» Problem to work on
Copy the data below exactly. Any pictures in it should be omitted.

» Data shown
════

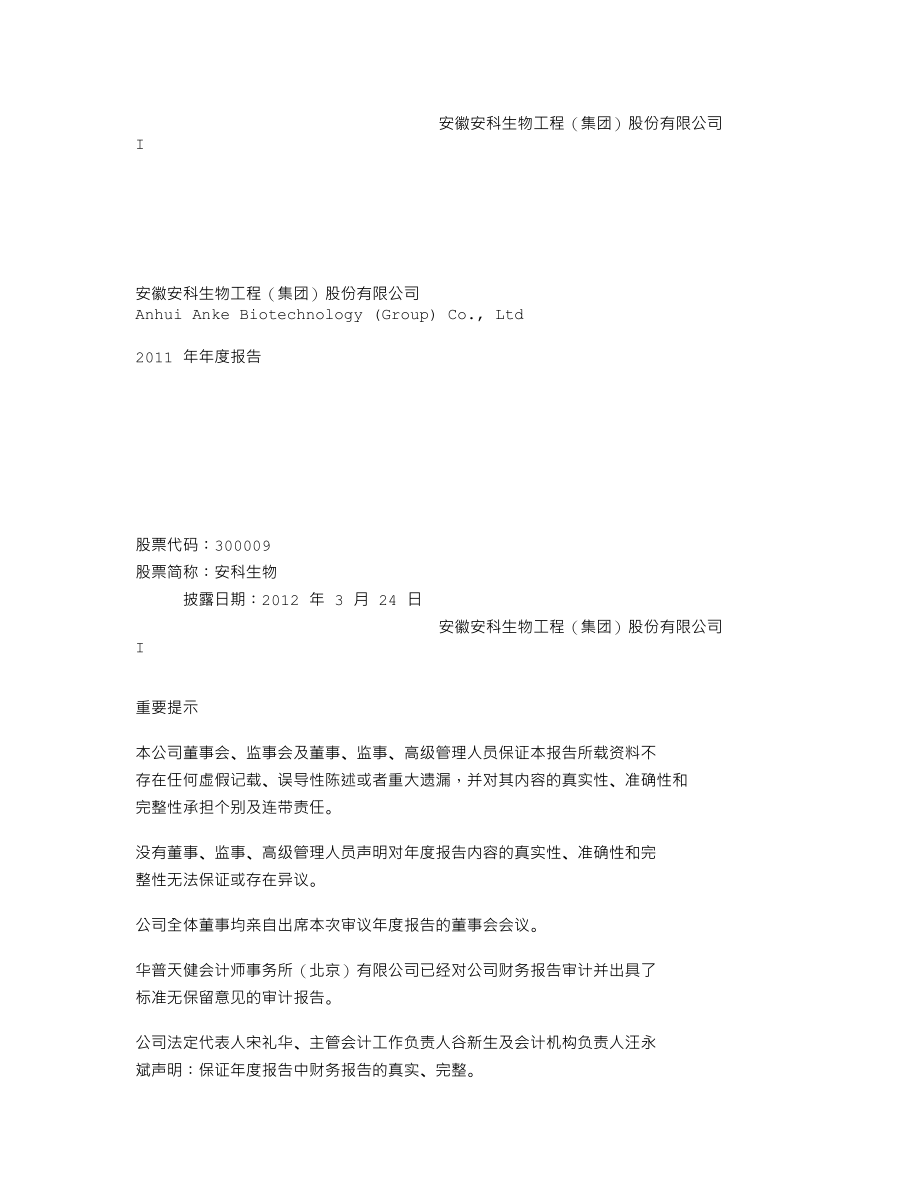 300009_2011_安科生物_2011年年度报告_2012-03-23.txt_第1页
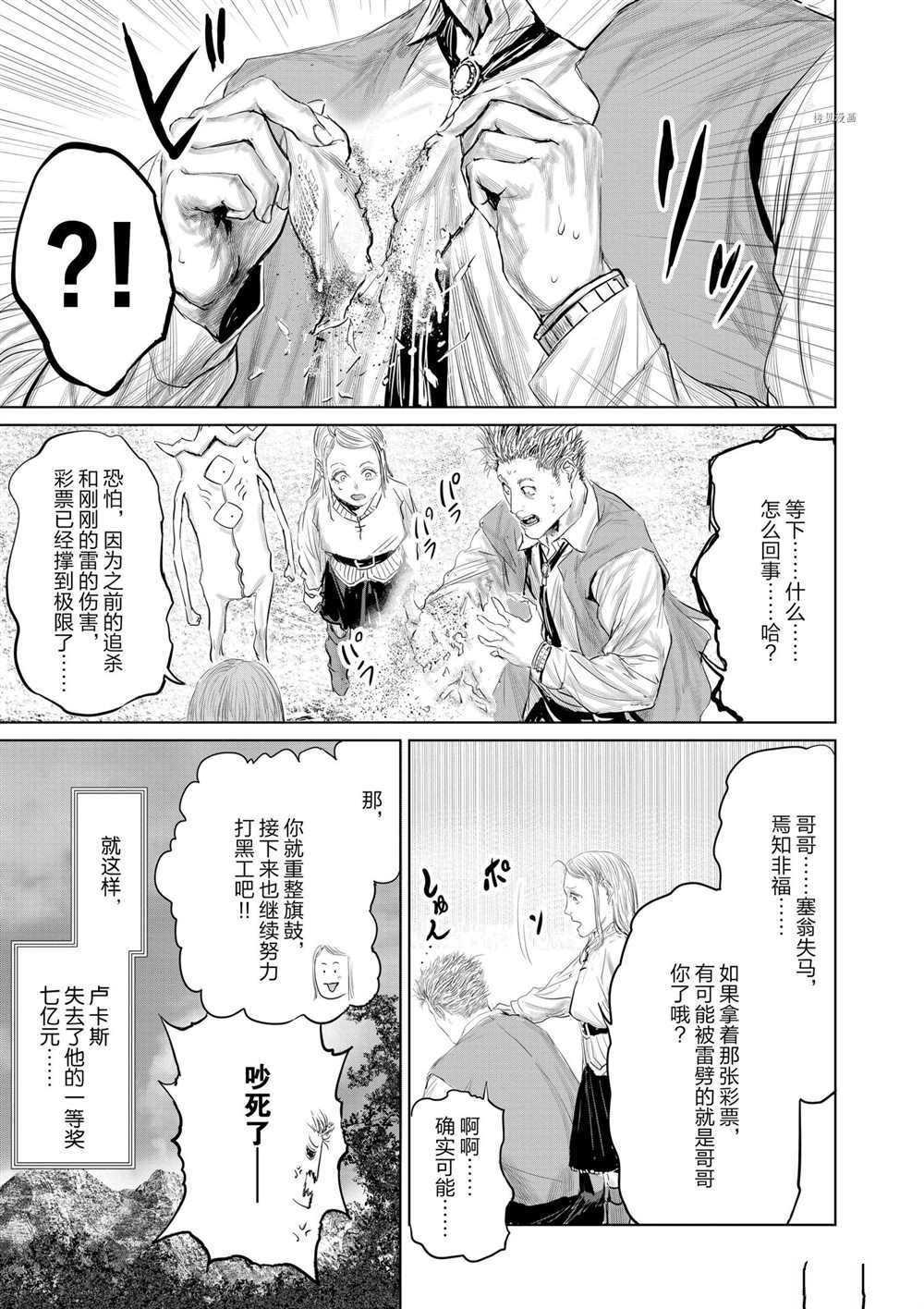 第86话 试看版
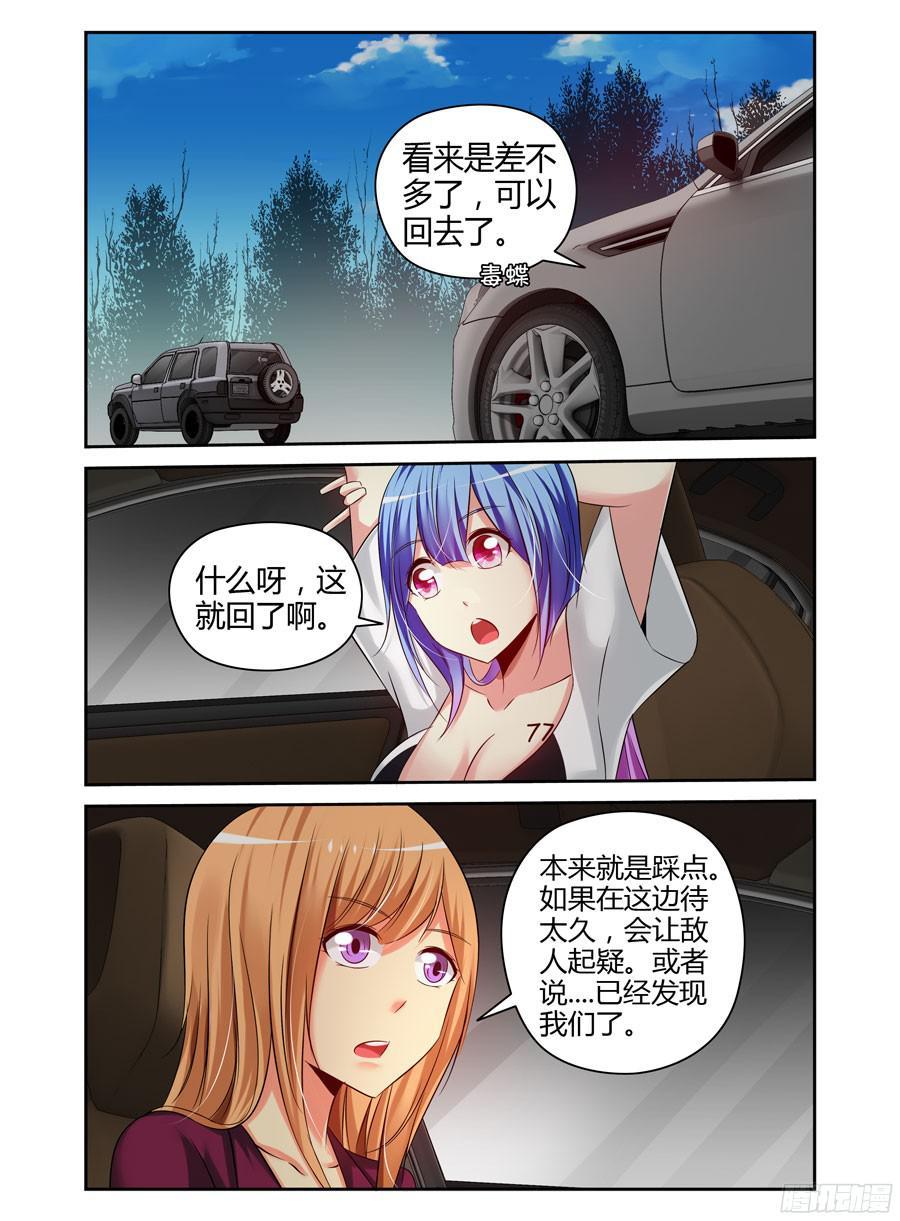 寄生少女 182.变形的原理！ 第6页
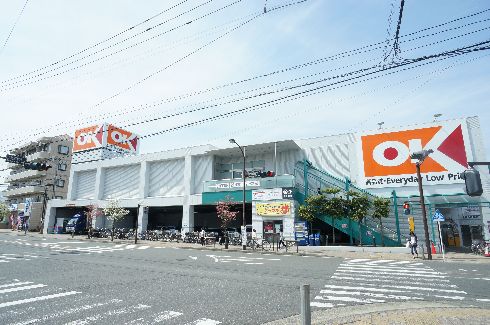 スーパー　OK(オーケー) 伊勢原店（スーパー）まで540m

════

» Solution below
 300009_2011_安科生物_2011年年度报告_2012-03-23.txt_第1页
 第86话 试看版
 寄生少女 182.变形的原理！ 第6页
 スーパー　OK(オーケー) 伊勢原店（スーパー）まで540m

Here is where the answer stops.